今季、日本で球界を騒がせた出来事の1つといえば、巨人の原辰徳監督が繰り出した“野手登板”の一手だろう。8月6日に行われた甲子園での阪神戦。8回1死からマウンドに上がったのは野手の増田大だった。この原監督の策には賛否が巻き起こることになった。

海の向こうのメジャーリーグでは、今では大差がついた試合での野手登板は見慣れた光景となっている。MLB公式サイトでは、この野手の登板に関する特集記事を掲載。MLBでも2005年には1試合しかなく、2013年でも14試合しかなかった野手の登板だが、昨季は90回もの野手登板があった。

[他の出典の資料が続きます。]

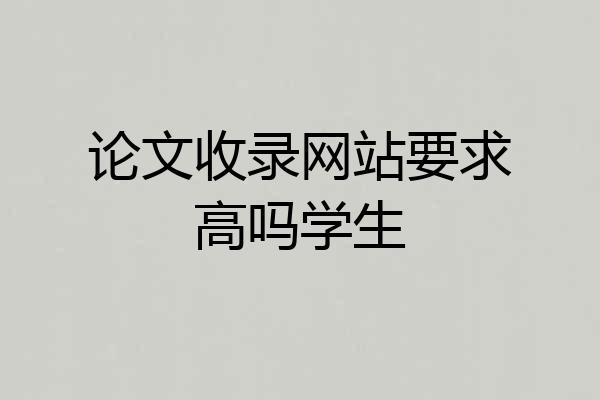 论文收录网站要求高吗学生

では、果たして野手登板にはどこまでの効果があるのか。投手が投げている際と比較して、どれだけ打たれやすいのだろうか。このMLB公式サイトの記事で検証が行われている。

記事によると、2008年以降に野手が登板した際、対戦した打者の成績は打率.321、出塁率.399、長打率.630だったという。当然、投手が登板した時に比べれば、野手が登板した際の打たれる確率は高くなる。ただ、2019年から2020年のネルソン・クルーズ(ツインズ)が同程度の成績で「野手登板は対戦打者全員がネルソン・クルーズになるようなものである」と例えている。

当然投手が投げた時よりも打たれるが、それほど「悪くない」とも

この結果に対してMLB公式サイトは「これは想像していたよりも悪くない。ネルソン・クルーズは人間の選手であり、私たちはビデオゲームのようなあり得ない成績になるかと思っていた」とする。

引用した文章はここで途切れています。